___ Data records

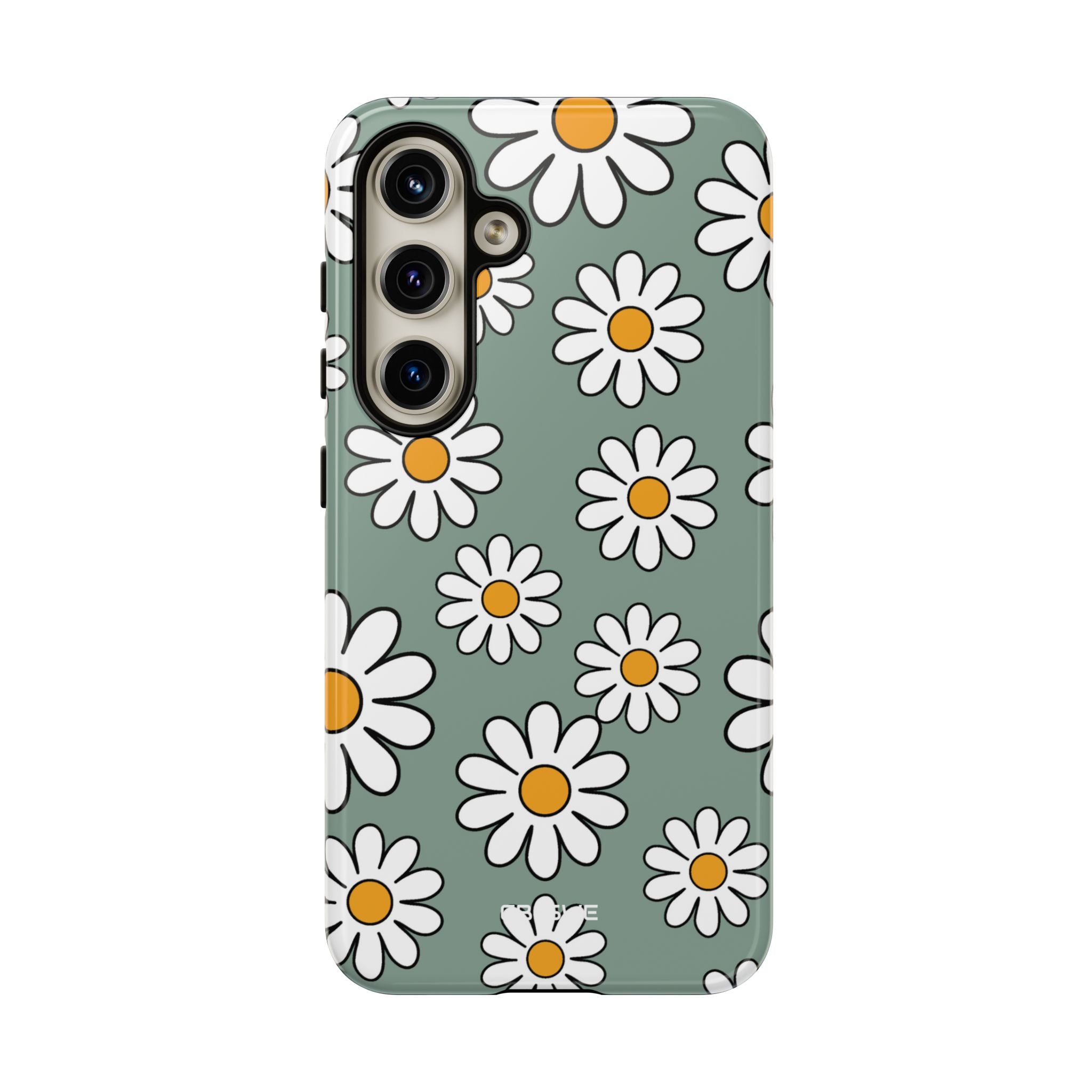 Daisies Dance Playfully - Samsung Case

______
___ Data records

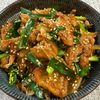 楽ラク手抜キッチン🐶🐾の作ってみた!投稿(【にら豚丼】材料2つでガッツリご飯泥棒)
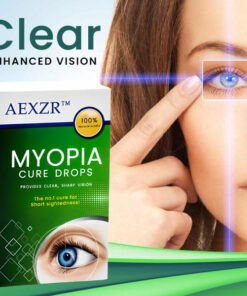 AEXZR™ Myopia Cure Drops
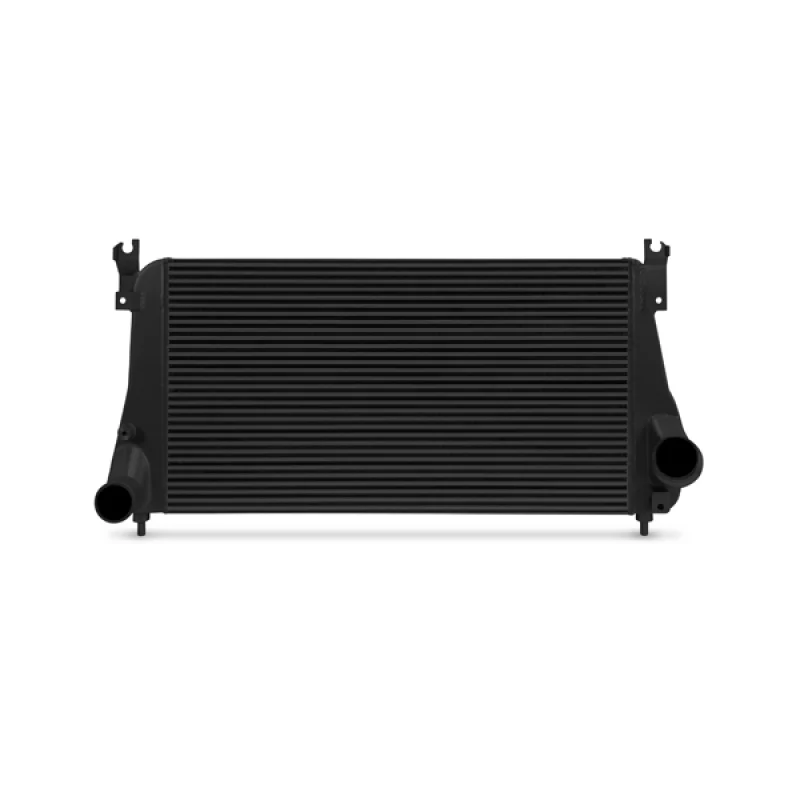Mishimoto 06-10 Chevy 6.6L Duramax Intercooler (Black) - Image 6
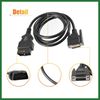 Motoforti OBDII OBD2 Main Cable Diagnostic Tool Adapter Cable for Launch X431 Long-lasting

______
___ Data records

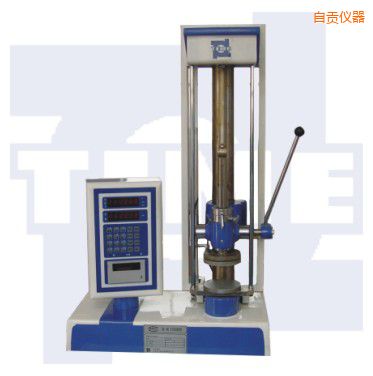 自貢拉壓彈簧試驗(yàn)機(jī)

______

Give back exactly, and solely, the section of the data above bounded by the line containing "楽ラク手抜キッチン🐶🐾の作っ" and the line containing "Motoforti OBDII OBD2", both bounding lines included and pictures omitted.

Final answer:
 楽ラク手抜キッチン🐶🐾の作ってみた!投稿(【にら豚丼】材料2つでガッツリご飯泥棒)
 AEXZR™ Myopia Cure Drops
Mishimoto 06-10 Chevy 6.6L Duramax Intercooler (Black) - Image 6
 Motoforti OBDII OBD2 Main Cable Diagnostic Tool Adapter Cable for Launch X431 Long-lasting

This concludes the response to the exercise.